Neil Grimmett has had over fifty short stories published in the UK,
Australia, South Africa, Singapore, India, and the USA, where he has
appeared in Fiction, The Yale Review, DoubleTake, and The Southern Review.
He has appeared online in Blackbird, Tatlin's Tower, Web Del Sol, In Posse
Review, m.a.g., Word Riot, Blue Moon Review, 3AM, Gangway, segue, Eclectica
and others, and he has made the storySouth Million Writers Notable Short
Story list for the last two years. In addition, he has won the Write On
poetry award, the Oppenheim John Downes Award three times, and two major
British Arts Council bursaries and a Royal Society of Authors Award.
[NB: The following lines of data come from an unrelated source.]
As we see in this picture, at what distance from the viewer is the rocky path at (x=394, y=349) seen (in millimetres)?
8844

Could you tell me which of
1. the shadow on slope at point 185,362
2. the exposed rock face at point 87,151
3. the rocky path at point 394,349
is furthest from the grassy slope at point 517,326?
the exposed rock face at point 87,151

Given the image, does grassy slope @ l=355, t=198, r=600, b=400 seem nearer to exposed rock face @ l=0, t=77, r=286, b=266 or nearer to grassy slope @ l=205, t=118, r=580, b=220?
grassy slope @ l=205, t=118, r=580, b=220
He is a
member of the US branch of PEN, and his first novel, The Bestowing Sun, came
out last year to strong reviews.
|
We’d christened him 'Wheelbarrow',
owing to the fact that when he walked it appeared he was shoving an invisible one along. It was as if
in reaction to his great intellect and physical frailty, some dumb ancestor wanted him to recall the
shape of toil. He was a scientist and spoke way above our heads. Even in normal conversations he
liked to spend all those ten dollar words. Then one day our chargehand, an ex-cook from Hong Kong,
had enough, "I know a fucking big word too," he said, elongating and stressing each syllable:
"in-cor-por-a-tor."
That was the piece of machinery we were running at the time.
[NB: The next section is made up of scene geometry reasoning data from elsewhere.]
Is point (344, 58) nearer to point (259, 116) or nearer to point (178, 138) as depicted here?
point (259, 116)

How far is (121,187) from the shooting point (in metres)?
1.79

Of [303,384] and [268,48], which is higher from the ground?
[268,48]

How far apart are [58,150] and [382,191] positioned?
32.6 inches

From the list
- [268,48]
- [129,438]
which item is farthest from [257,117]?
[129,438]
Wheelbarrow just looked at him and headed off pushing his imaginary burden before dropping in
to see the principle foreman in charge of production workers. Within a week, the over-weight
and near-retirement age ‘Hong Kong’, had been demoted a grade and placed in charge of loading
the factory’s internal train with crates of explosives and ammo. A job known to break the hearts,
spirit and often bones of even the youngest and fittest. And I got promoted and became the youngest
chargehand in the factory's history with too many lessons still unlearned.
Wheelbarrow got round to initiating me in his own fashion, by spraying
one of my crew with dilute nitric acid and letting me get carpeted for it. There is a curious,
little-known fact about some acids: the weaker, more dilute they are, the quicker and meaner they
can burn you. The viscosity of concentrated acid helps give you a little time to get it off. Mind
you, if you take too long and it does get in, it likes to find bone and keep gnawing.
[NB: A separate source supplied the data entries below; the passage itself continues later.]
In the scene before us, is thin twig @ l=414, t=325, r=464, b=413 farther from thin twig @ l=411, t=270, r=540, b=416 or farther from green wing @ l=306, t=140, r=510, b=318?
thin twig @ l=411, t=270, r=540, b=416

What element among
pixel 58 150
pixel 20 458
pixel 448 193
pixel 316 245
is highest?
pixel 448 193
Along with my ‘Stripes’, as the old soldiers called my elevation
in the pecking order, I got moved into the big, new and untested, nitration house. The hot seat you
might say and in more ways than one. After our trial run, when things had gone wrong – luckily, in
a small unspectacular way - we ended up with the stainless steel vessels in which the nitrous body
comes alive and is caressed towards completion, covered in a layer of drying explosive crystals.
Not a nice thing to try and dislodge. Hard plastic and non-ferrous metal scrapers are about as
risky as you dare. When you know that these vessels are big enough for you to drown in stood up
side by side with four or five of your mates and there are eight of them, you might get an idea
of how much scraping and daring was going to be required to get them clean.
I was sitting in the control room which is an air-conditioned glass
bubble right smack in the middle of the show. One floor up with all the pipes and their fluids pumping
away under your feet and surrounded by forty odd tons of acid bubbling and fuming its way along to
becoming flakes of TNT. The desk in front of me is bigger and has more controls that any fancy
recording studio you could imagine. Behind my head there are banks of alarm panels full of hundreds
of small black squares that can go red in the face and scream their warnings. The air we breathe in
the cabin gets pumped from the other side the huge mound that surrounds this building. It comes in
through filters and tastes sterile and induces a feeling, the old soldiers claim, similar to
altitude sickness.
I watched my crew outside scraping away, wishing I could join them.
On the floor of the cabin there are the escape masks and their small air bottles ready for if it
becomes necessary to evacuate after - God forbid -I ever have to drop the charge into the massive
drowning tanks below each vessel. I have seven men in my crew plus a production chemist and often
some visiting spooks from the Ministry of Defence. There are three masks; and I do not think ‘rank’
will have much privilege in the eventuality!
Not that it really mattered. If we do drown this lot - apparently
they did it once on an island off Australia – it goes up something like a red atomic bomb, then
floats back down to earth as a shroud and stays awhile to share its charms. So you can sit in this
cabin waiting for the filters to clog and start letting nitrous fume etc. fill the place up, or you
can grab a mask with its couple of minutes air supply, try running down the steep flights of steel
stairs and then find your way through a labyrinth of pipes and tunnels to the outside which is
going to look, smell and taste like an upturned witch's cauldron.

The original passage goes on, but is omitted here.